▶ **Problem to work on**: The result should be the full listing copied exactly, with no pictures in it.

_ _ _ _ _

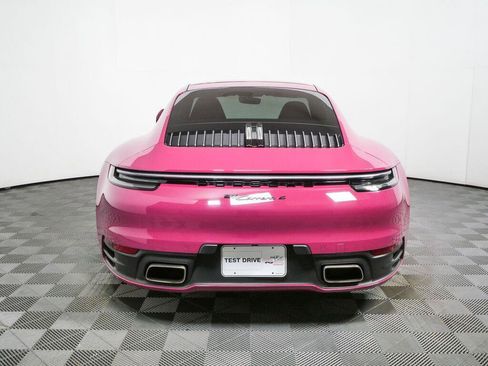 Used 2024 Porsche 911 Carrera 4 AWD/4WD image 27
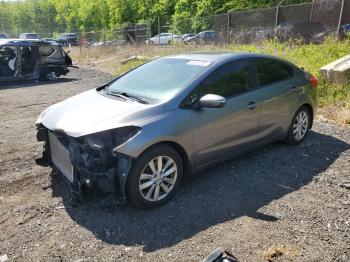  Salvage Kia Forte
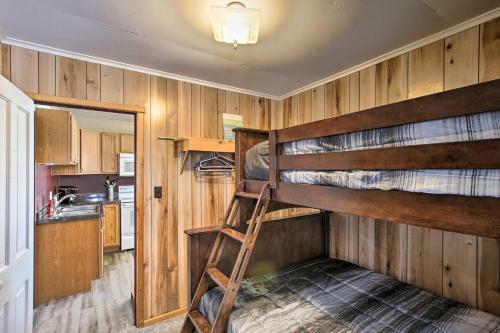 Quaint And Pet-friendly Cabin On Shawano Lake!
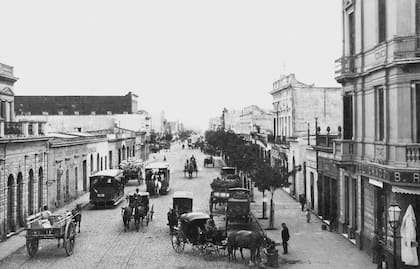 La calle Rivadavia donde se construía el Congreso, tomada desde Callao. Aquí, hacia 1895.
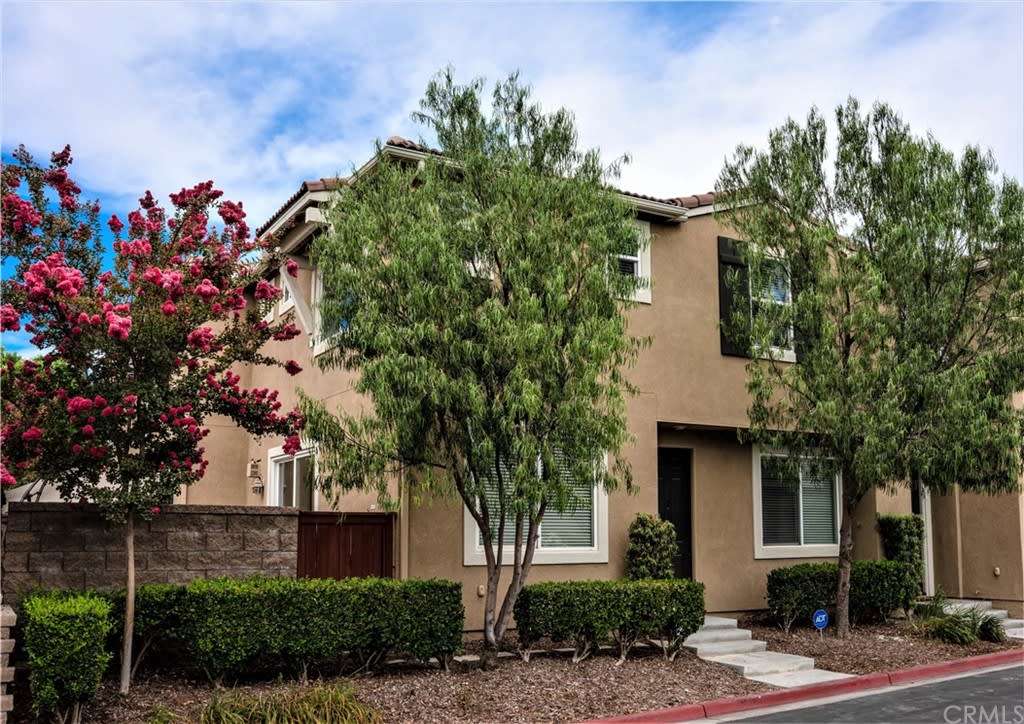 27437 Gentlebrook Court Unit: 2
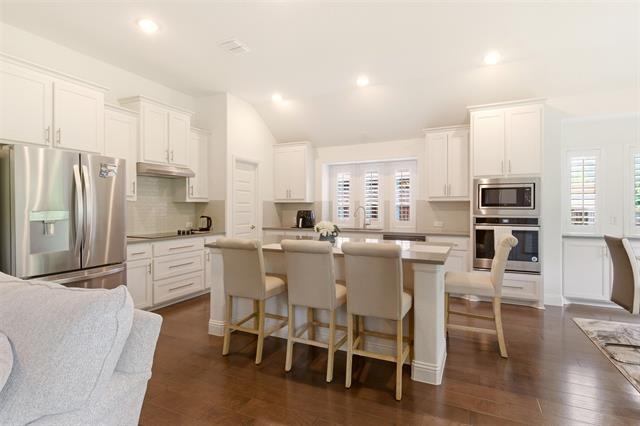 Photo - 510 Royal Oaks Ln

_ _ _ _ _

▶ **Solution to this task**:
 Used 2024 Porsche 911 Carrera 4 AWD/4WD image 27
  Salvage Kia Forte
 Quaint And Pet-friendly Cabin On Shawano Lake!
 La calle Rivadavia donde se construía el Congreso, tomada desde Callao. Aquí, hacia 1895.
 27437 Gentlebrook Court Unit: 2
 Photo - 510 Royal Oaks Ln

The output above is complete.